Small nucleolar RNA (snoRNA) are non-coding RNAs, which participate in the cleavage and chemical modification of ribosomal RNAs (rRNAs) and small nuclear RNAs. However, the roles of snoRNA in homeostasis of hematopoietic stem cells(HSCs) have not been studied. We isolated four hematopoietic stem and progenitor cells (HSPCs) (LT-HSCs, IT-HSCs, ST-HSCs, and MPPs) from the bone marrow (BM) of C57BL/6 mice and performed small RNA-seq. We found SnoRNAs belonging to SNORD113-114 cluster were specifically enriched in LT-HSCs, and their expression decreased dramatically with HSC differentiation. To explore function of snoRNAs in SNORD113-114 cluster in HSCs, we established maternally KO mice by CRISPR-Cas9 technology. Here, we used scRNA-seq to examine HSC RNA profiles influenced by SNORD113-114 cluster KO. Overall design: Single cell RNA profiles of HSC from WT/Mat KO mice.
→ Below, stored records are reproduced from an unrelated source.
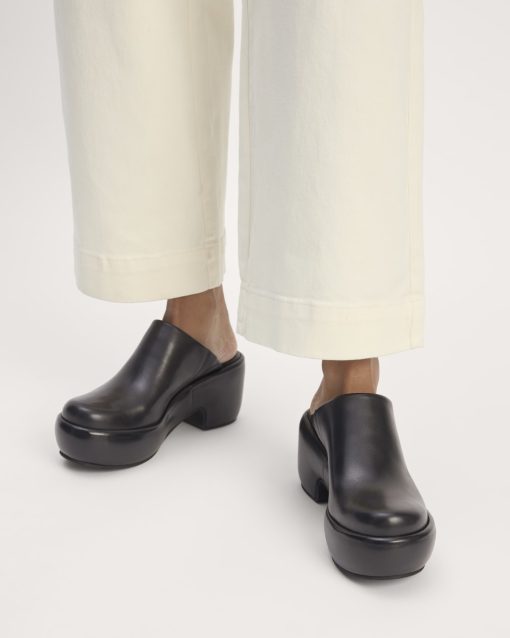 Alternative view of The Puffa Clog | Black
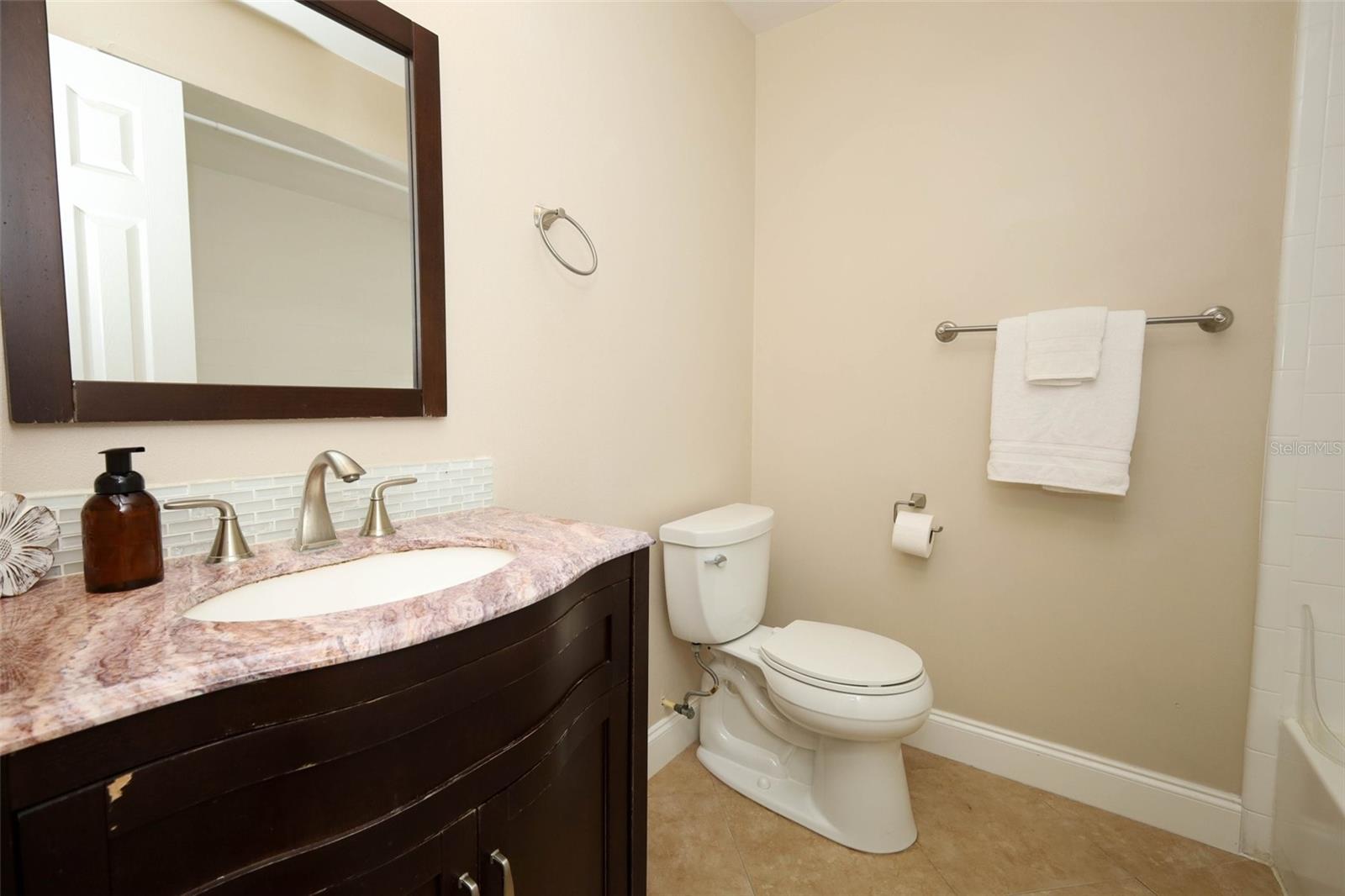 ALAFAYA WOODS - Residential
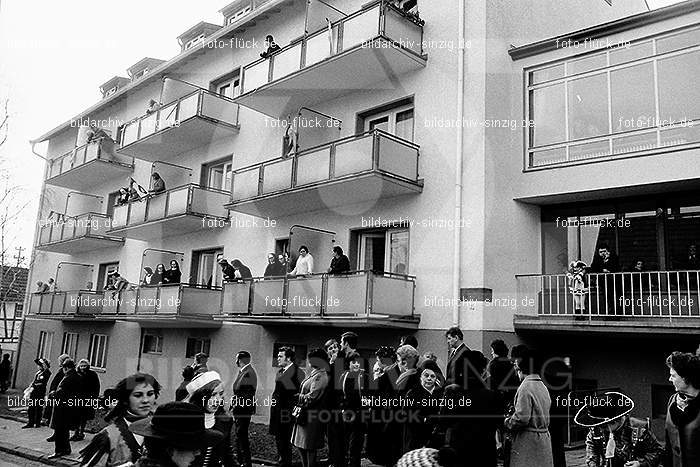 1971 Karnevalsumzug - Veilchendienstag in Sinzig: KRVLSN-014521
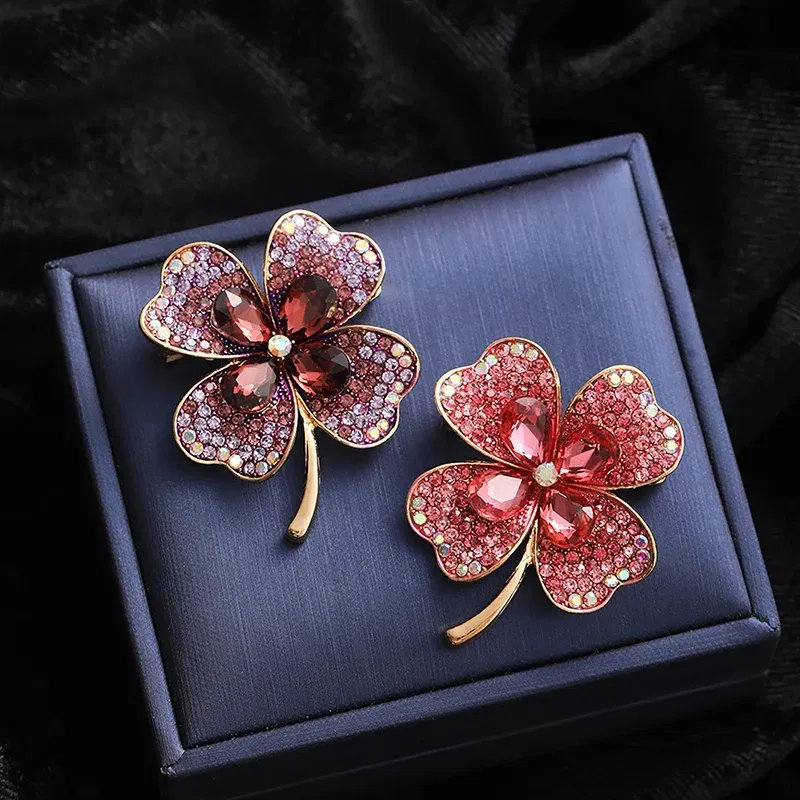 Metal color: Gold-color - Korean Style High-End Crystal Glass Fashion Brooch Alloy Four-Leaf Clover Pin Clothing Accessories Brooch Women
核仁小RNA（small nucleolar RNA, snoRNA）是一类非编码RNA，参与核糖体RNA（ribosomal RNAs, rRNAs）与小核RNA的剪切及化学修饰过程。目前学界尚未阐明snoRNA在造血干细胞（hematopoietic stem cells, HSCs）稳态调控中的作用。本研究从C57BL/6小鼠骨髓（bone marrow, BM）中分离得到四类造血干祖细胞（hematopoietic stem and progenitor cells, HSPCs），即LT-HSCs、IT-HSCs、ST-HSCs及MPPs，并开展了小RNA测序（small RNA-seq）。结果显示，隶属于SNORD113-114基因簇的snoRNA在LT-HSCs中特异性富集，且其表达水平随HSC分化进程显著下调。为探究该基因簇snoRNA在HSCs中的功能，本研究通过CRISPR-Cas9技术构建了母系敲除小鼠模型。随后，本研究利用单细胞RNA测序（single-cell RNA sequencing, scRNA-seq）分析了SNORD113-114基因簇敲除对HSC转录组谱的影响。整体实验设计：对野生型（wild-type, WT）与母系敲除（maternally knockout, Mat KO）小鼠的造血干细胞进行单细胞RNA谱分析。